WHAT YOU NEED TO DO: Output each line of the data below exactly, omitting any image.

INFORMATION PROVIDED:
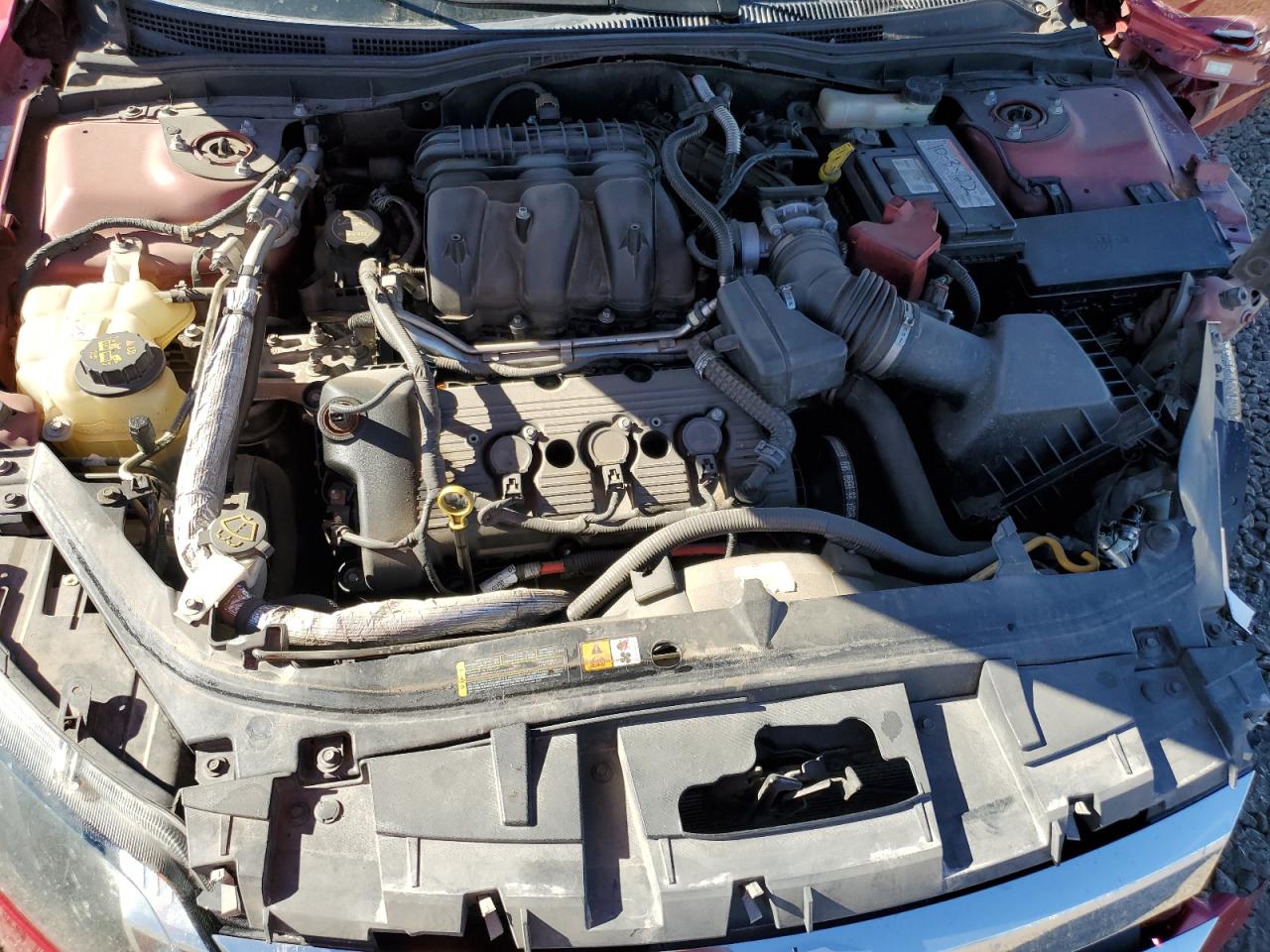 2010 Ford Fusion - Image 11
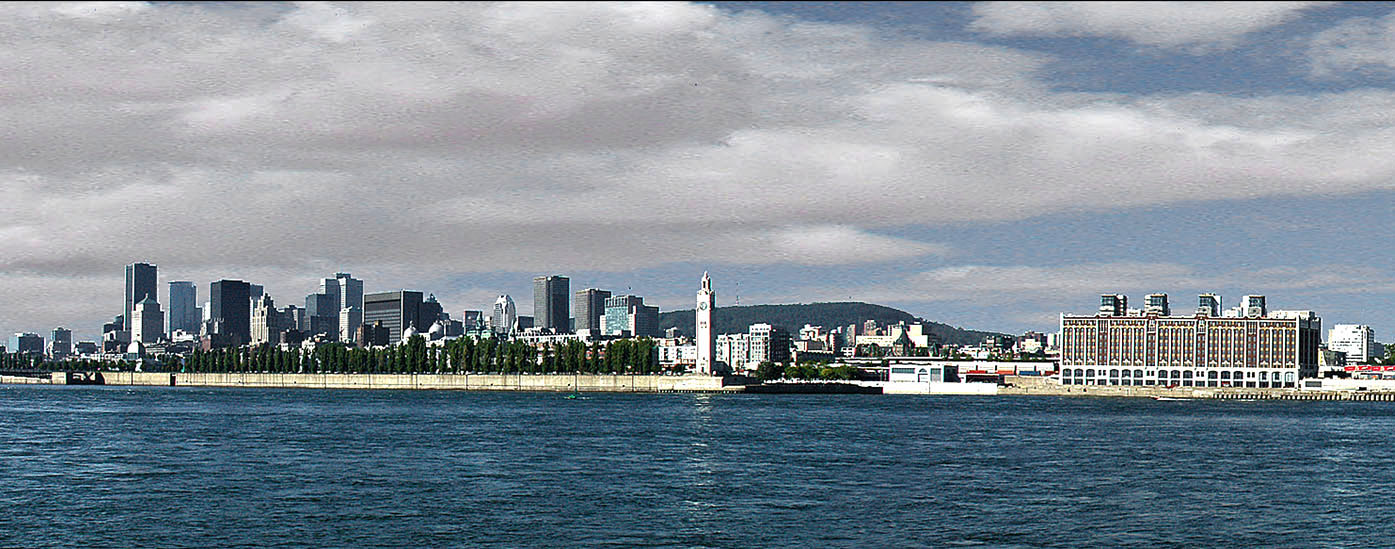Vue du fleuve vers la montagne en 2008.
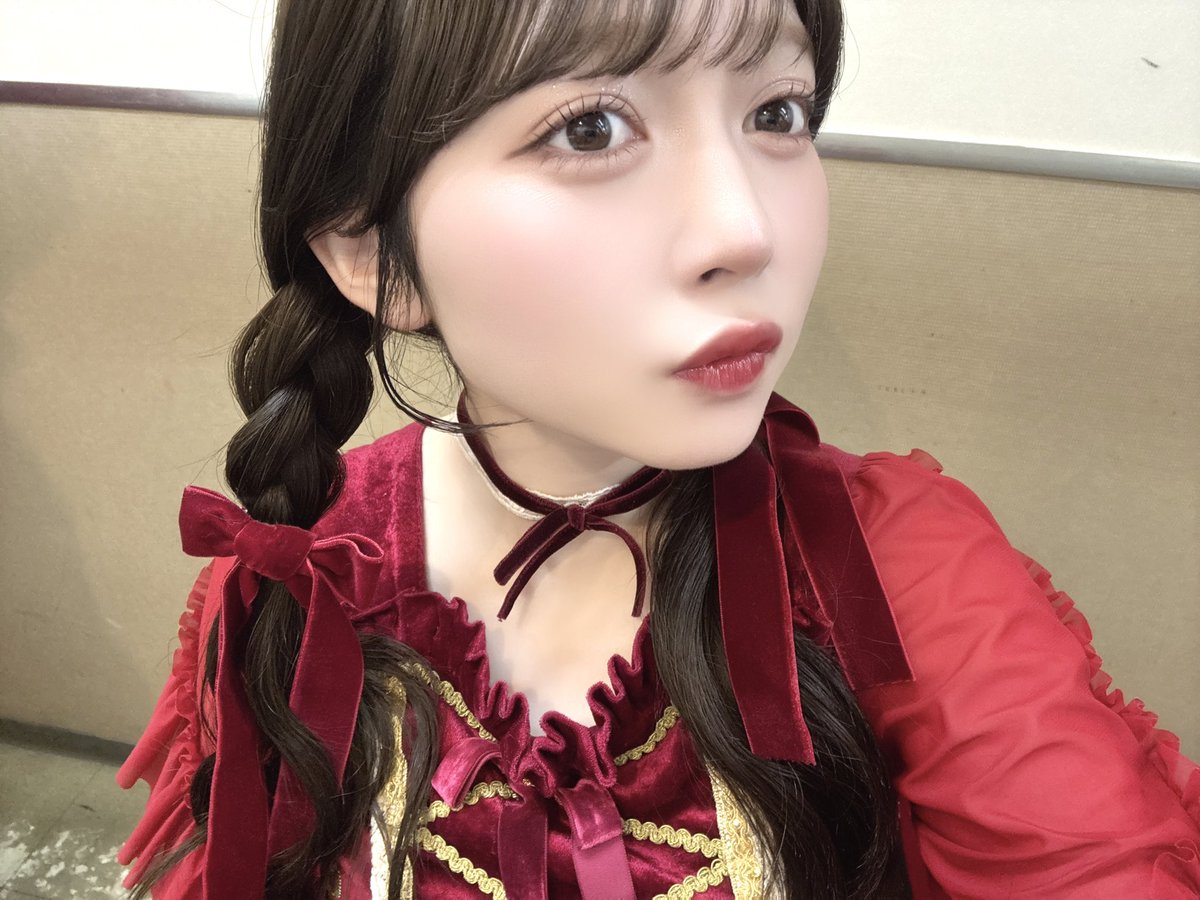 志麻 Toni9ht Bビジュ みつあみさん😼♥️♥️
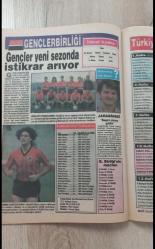 FOTOSPOR 1990 1991 TÜRKİYE FUTBOL LİGİ FİKSTÜRÜ  BEŞİKTAŞ TRABZONSPOR GALATASARAY FENERBAHÇE KARŞIYAKA GAZİANTEP GENÇLERBİRLİĞİ KONYA SARIYER BAKIRKÖY ANKARAGUCÜ BURSASPOR BOLUSPOR AYDINSPOR ADANASPOR ZEYTİNBURNUSPOR KOLEKSIYON NOSTALJİ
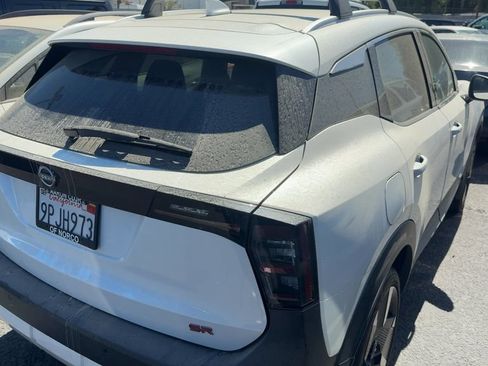 Used 2025 Nissan Kicks SR w/ Illumination Package FWD image 6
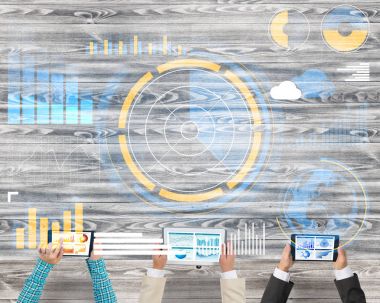 Bir grup ellerinde aygıtlarla üç insan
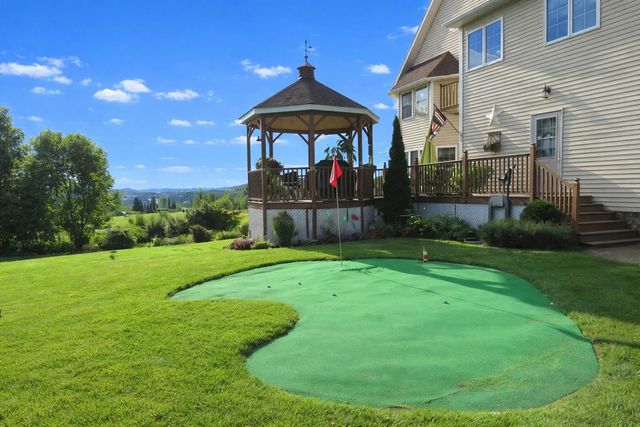 29 Campbell Road, Newport City, VT 05855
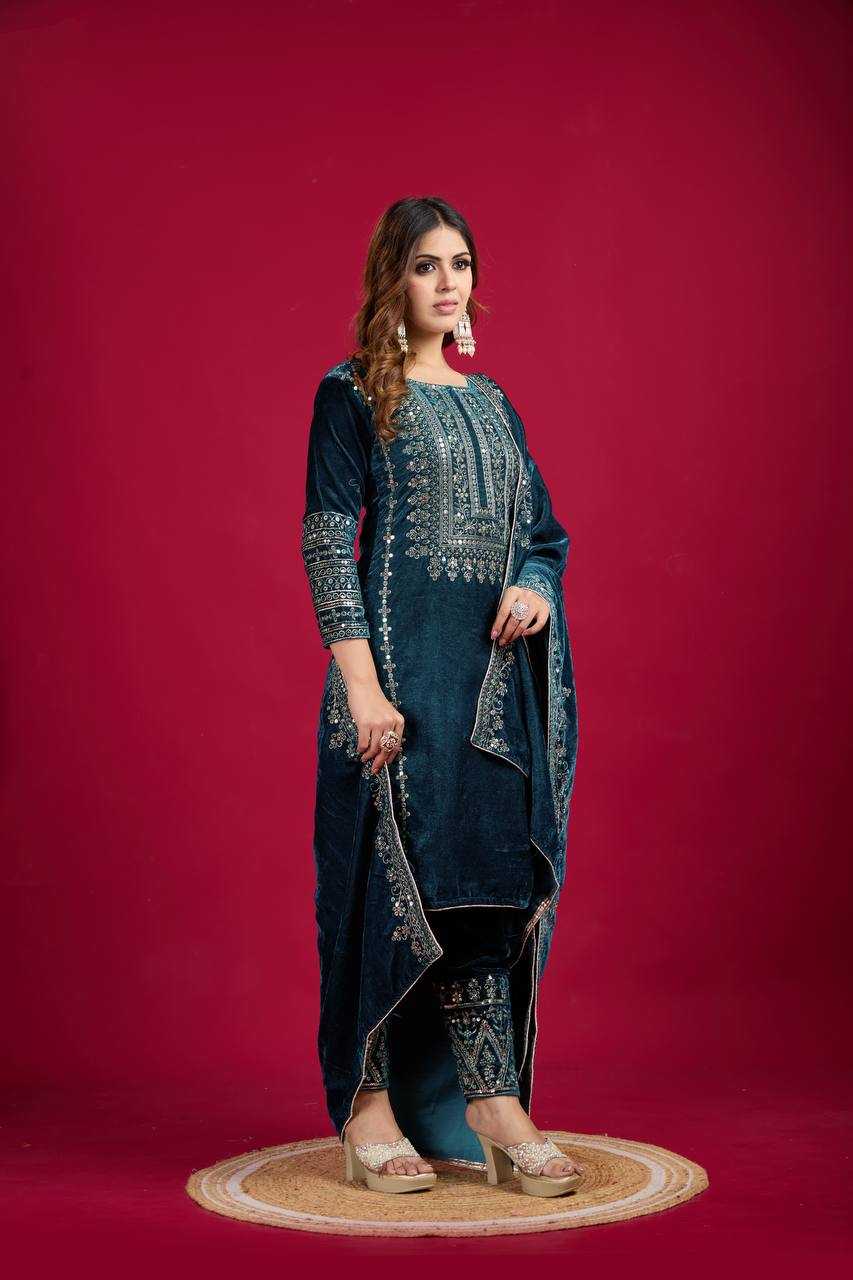 YNF VELVET KESH123 5017 SUITS & DRESSES WHOLESALE VELVET EMBROIDERY LONG KURTI BLACK SUITS MANUFACTURE  - Deevit International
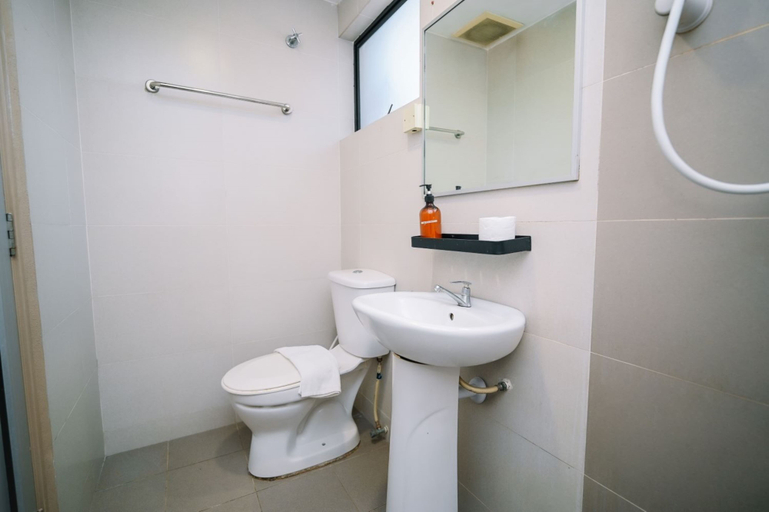 Bathroom 2, Swing & Pillows @ KL Pekeliling, Kuala Lumpur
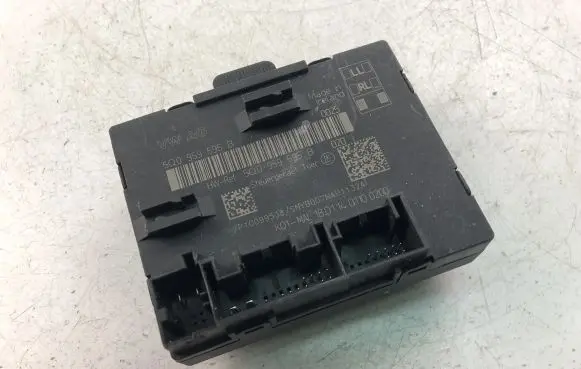 Volkswagen PASSAT B8 Other control units/modules 5Q0959595B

TASK ANSWER:
 2010 Ford Fusion - Image 11
Vue du fleuve vers la montagne en 2008.
 志麻 Toni9ht Bビジュ みつあみさん😼♥️♥️
 FOTOSPOR 1990 1991 TÜRKİYE FUTBOL LİGİ FİKSTÜRÜ  BEŞİKTAŞ TRABZONSPOR GALATASARAY FENERBAHÇE KARŞIYAKA GAZİANTEP GENÇLERBİRLİĞİ KONYA SARIYER BAKIRKÖY ANKARAGUCÜ BURSASPOR BOLUSPOR AYDINSPOR ADANASPOR ZEYTİNBURNUSPOR KOLEKSIYON NOSTALJİ
 Used 2025 Nissan Kicks SR w/ Illumination Package FWD image 6
 Bir grup ellerinde aygıtlarla üç insan
 29 Campbell Road, Newport City, VT 05855
 YNF VELVET KESH123 5017 SUITS & DRESSES WHOLESALE VELVET EMBROIDERY LONG KURTI BLACK SUITS MANUFACTURE  - Deevit International
 Bathroom 2, Swing & Pillows @ KL Pekeliling, Kuala Lumpur
 Volkswagen PASSAT B8 Other control units/modules 5Q0959595B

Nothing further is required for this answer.